- Records supplied

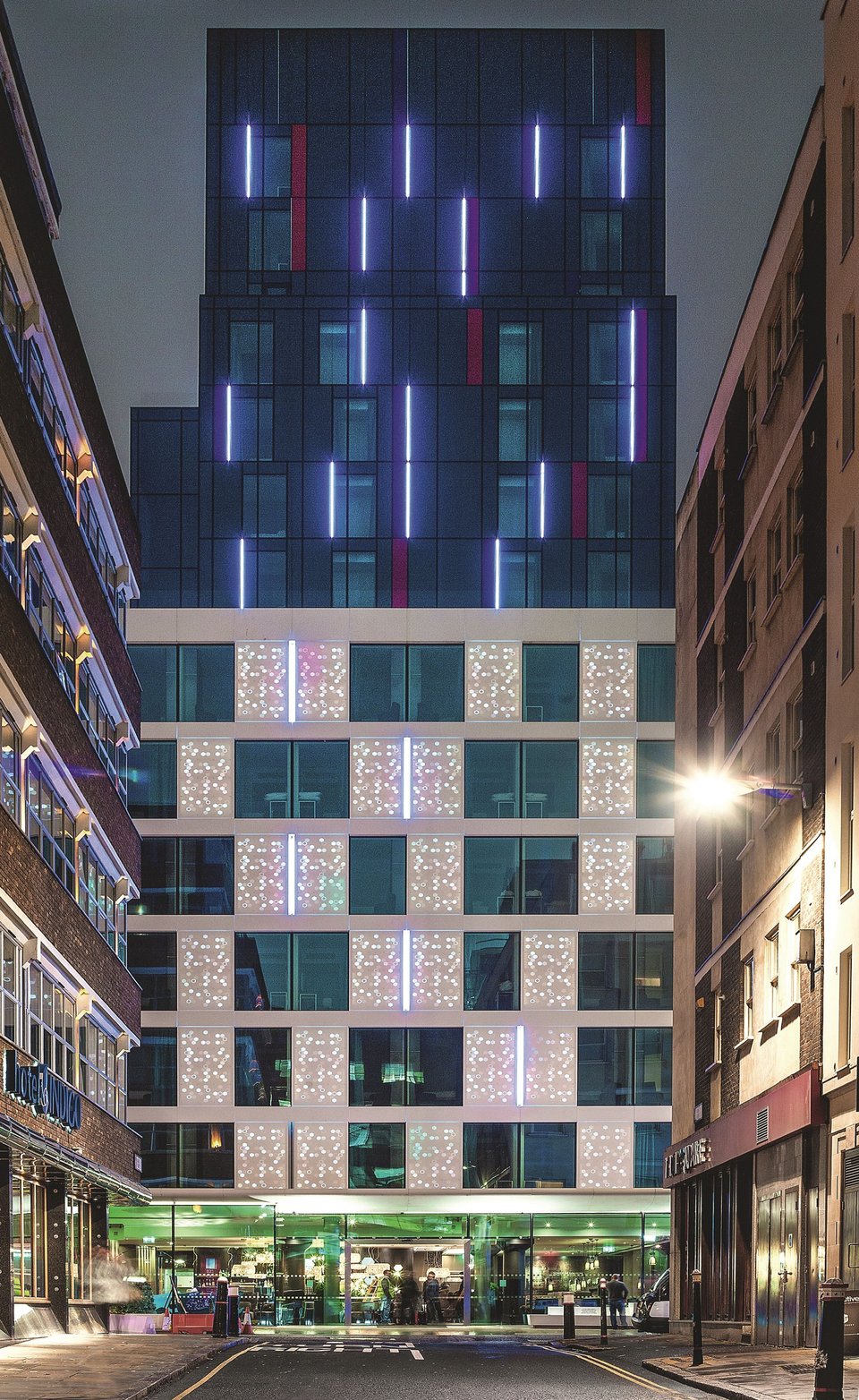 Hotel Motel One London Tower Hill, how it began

==

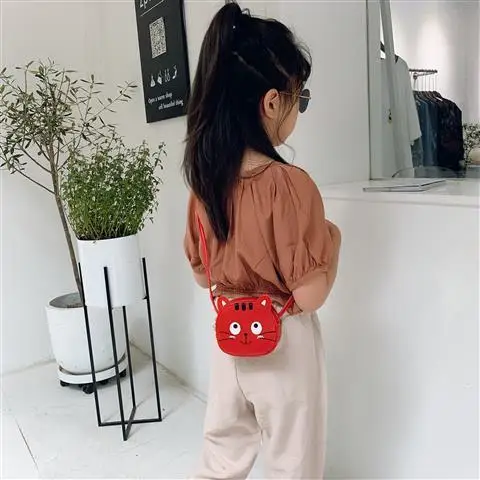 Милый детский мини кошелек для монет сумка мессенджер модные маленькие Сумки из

* * *

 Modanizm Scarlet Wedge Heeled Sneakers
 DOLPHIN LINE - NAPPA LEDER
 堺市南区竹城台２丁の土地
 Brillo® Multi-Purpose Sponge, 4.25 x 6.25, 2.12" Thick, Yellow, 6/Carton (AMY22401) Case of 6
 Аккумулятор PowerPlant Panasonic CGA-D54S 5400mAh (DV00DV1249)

- What the task requires
Where the listing above has a line with "Modanizm Scarlet Wedge Heeled Sneakers", start there, and output every line exactly through the line with "Аккумулятор PowerPlant Panasonic", which is also included.

- Your response
 Modanizm Scarlet Wedge Heeled Sneakers
 DOLPHIN LINE - NAPPA LEDER
 堺市南区竹城台２丁の土地
 Brillo® Multi-Purpose Sponge, 4.25 x 6.25, 2.12" Thick, Yellow, 6/Carton (AMY22401) Case of 6
 Аккумулятор PowerPlant Panasonic CGA-D54S 5400mAh (DV00DV1249)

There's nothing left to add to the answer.